In his Wednesday-of-the-week-before-the-Super-Bowl media availability, Packers quarterback Aaron Rodgers faced right out of the gates the question of whether he absorbed a concussion when he took a helmet-to-helmet hit in the fourth quarter of the NFC title game.
“I didn’t have a concussion,” Rodgers said in comments distributed by the team. “I want to dispel that rumor. No concussion. I was fine. Yeah. Helmets are designed to prevent concussions, I think.”
He had us convinced until the last sentence, which sounded like something from Homer Simpson.
As we explained it on Tuesday, the stakes are too high for Rodgers to say anything other than “I did not suffer a concussion,” even if he did. And we’d do the same thing.

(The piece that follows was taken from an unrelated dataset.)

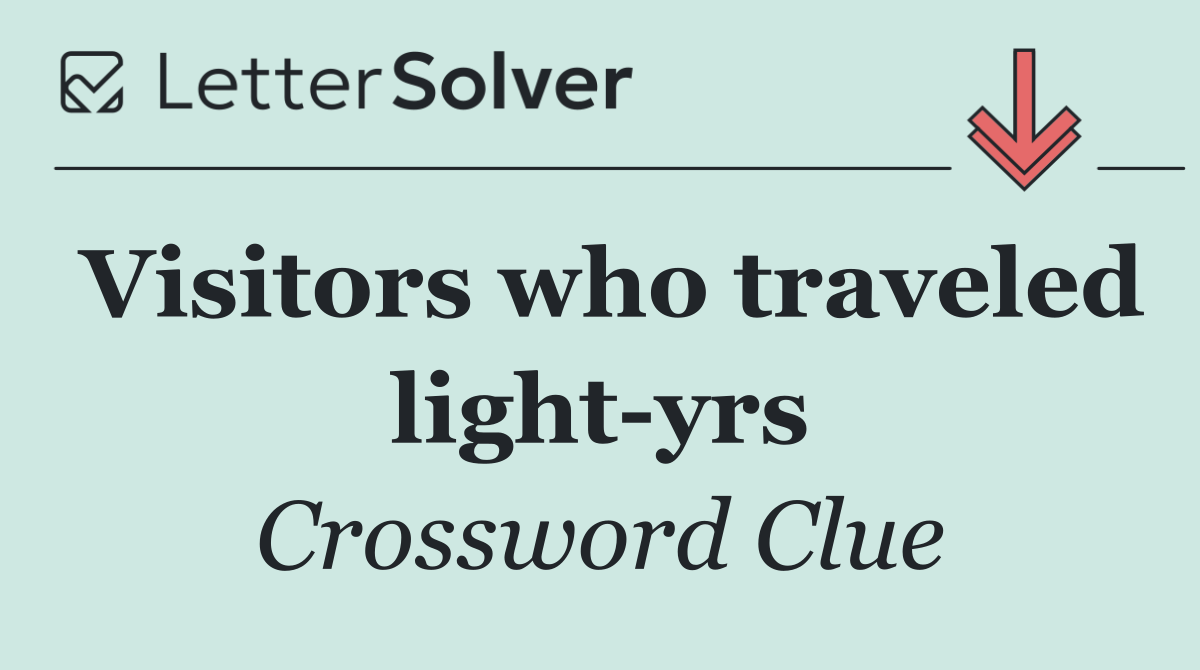 Visitors who traveled light yrs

Guys who talk about having concussions jeopardize their ability to play in games, and the last thing Rodgers will do at this point is jeopardize his ability to play.
Rodgers also chimed in on the story of the week. (And if you need us to identify the story of the week, maybe you’ve had a concussion.)
“I was real disappointed, to be honest with you,” Rodgers said regarding Jay Cutler and the criticism of his injury. “I’ve known Jay for a few years now and know what kind of competitor he is. I thought it was disrespectful, some of the stuff said about him.
“I admire his teammates. I saw Chris Harris’ interview on ESPN. I thought the questioning was ridiculous of him. But I appreciated the way he supported Jay, and Lovie has, and [Brian Urlacher’s] comments I thought were right on. To attack a guy’s toughness, when you’re not playing in the game especially, I thought was very inappropriate.”
There can be no attack on Rodgers’ toughness. The guy took a crash-test-dummy hit from Julius Peppers, and Rodgers got right up and seemed fine.
Even if he was acting fine in order to avoid possibly being told by doctors that he wasn’t fine, Rodgers kept going after a hit that would have put plenty of guys down for the count.